‘Twerking’ trio on top of police car in viral video puts Chicago Police Department in hot spot
There have been over a million views of a viral video that surfaced several days ago showing three women “twerking” on top of a Chicago Police SUV as it raced down the street , dragged by cell phone paparazzi.
There is a lot of interest in seeing half-dressed women spinning around. I understand.
But recently in this town, a 14-year-old girl was chased and shot while walking her dog, and a 7-year-old girl was shot dead while sitting in a car with her father on a ward in McDonald’s steering wheel. .
We should all be in mourning.
Instead, the young women on top of that police SUV were putting on a show for the very people who laughed at them in terms unfit for publication in a family newspaper.
And they are not alone.
It seems to be a trend.
In Rochester, New York, two women persuaded a uniformed policeman to let them twerk on his parked police car.
Although the person who posted the video of the interaction called it “positive,” it drew a reprimand from the police chief.

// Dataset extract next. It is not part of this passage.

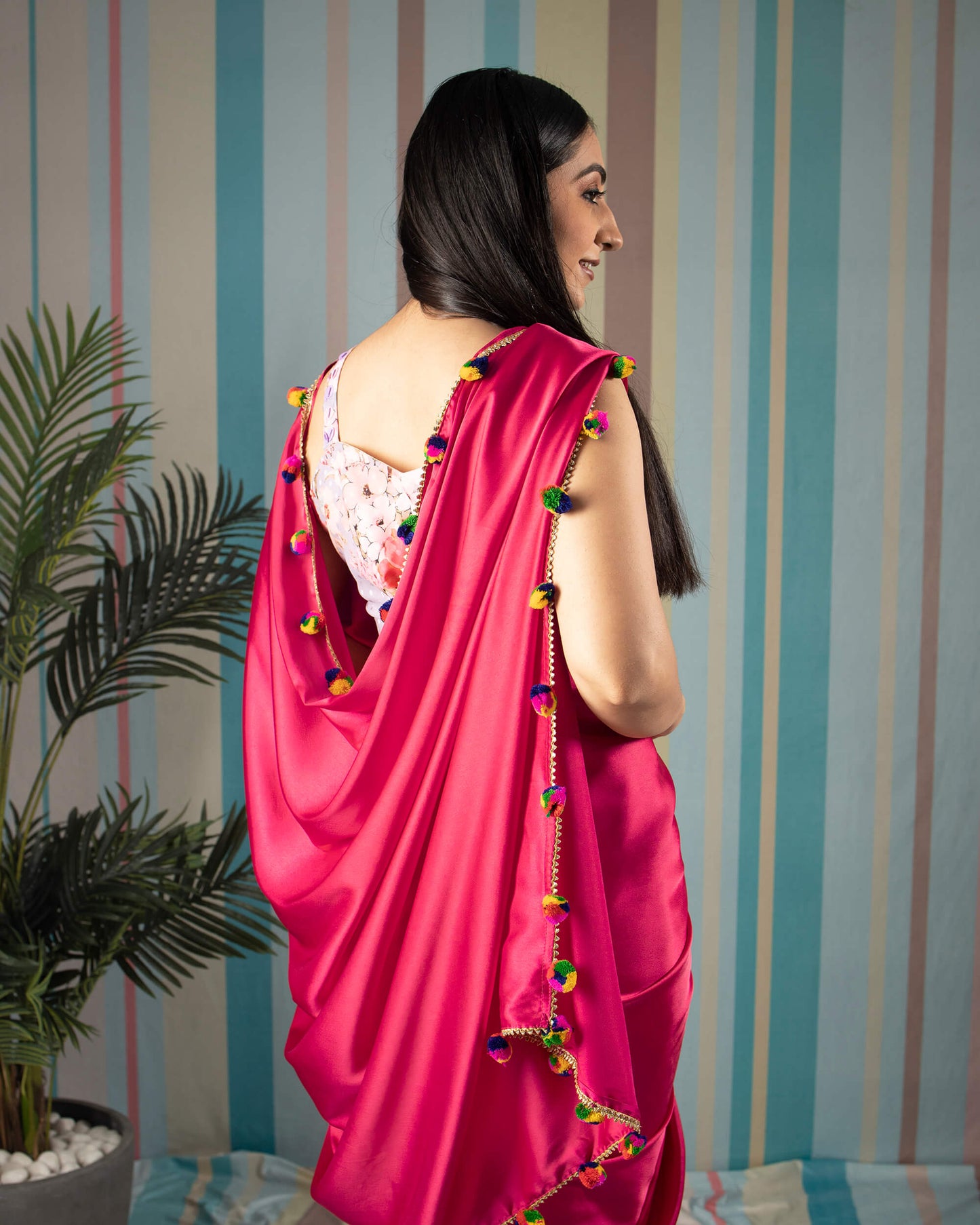 Cerise Pink Plain Japan Satin Saree With Pompom Lace Border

The twerk atop police vehicles has occurred in Jackson, Mississippi, St. Louis, Seattle, and Miami Beach, and is widely viewed as an offensive act against police.
What makes the Chicago incident so interesting is that the police SUV was driving slowly down the street as if the one driving was in a parade.
A spokesperson for the Chicago Police Department said the incident was under investigation.
Frankly, if allowing young women to get on a police car and turn is part of the new community policing strategy, the police need to get back to the drawing board.
Because if one of the women had fallen from the SUV and been run over, not only would the city face a huge lawsuit, but there is a real possibility that the revelers would have turned violent.
It’s also puzzling that residents of some neighborhoods, like Park Manor on the south side, have recently been besieged by noise, loud music and inappropriate behavior.
âThere appears to have been a coordinated effort to disrupt the 7,400 blocks of Calumet and Prairie. There were hundreds of cars, trucks and motor vehicles marching through our streets until 4 a.m., playing loud music, using profanity, and displaying all kinds of anti-social behavior such as urinating in the rooms. bushes near the Salem church at 74th and Calumet, âsaid Niena Feme, a 6e Neighborhood resident, in an email.
âAs president of the 7400 Calumet and Prairie Block Club, I hope we can draw attention to this situation which affects the quality of life of our residents. We are stakeholders; we pay mortgages, taxes and are supposed to maintain our properties. Yet we cannot enjoy a level of peace that a community would want, âshe said.
These community stakeholders are holding a meeting at 6 p.m. on June 17 at the Lutheran Church in Salem to voice their concerns.
Ald. Roderick Sawyer (6e) told CBS-2 that he intended to step up patrols, security checks, and tow illegally parked cars.
Considering the fierce battles between protesters and police that erupted after George Floyd was assassinated by a white policeman in Minneapolis last year, getting angry with women using a police SUV as a stripper stick may seem insignificant to some of you.
But it’s not.
Frankly, Chicagoans, especially those who live on the South and West side, live with more lawless behavior than I have ever seen.
More and more motorists are using red lights, resulting in more car accidents. Carjacking is becoming the norm. Highway shootings make us feel like targets.
Obviously, after being locked in their homes for over a year, the young people are ready to go wild.
And it’s a shame that there are too few safe spaces for them to do their thing because of the ongoing violence.
Yet the police are paid to keep the peace, not to facilitate chaos.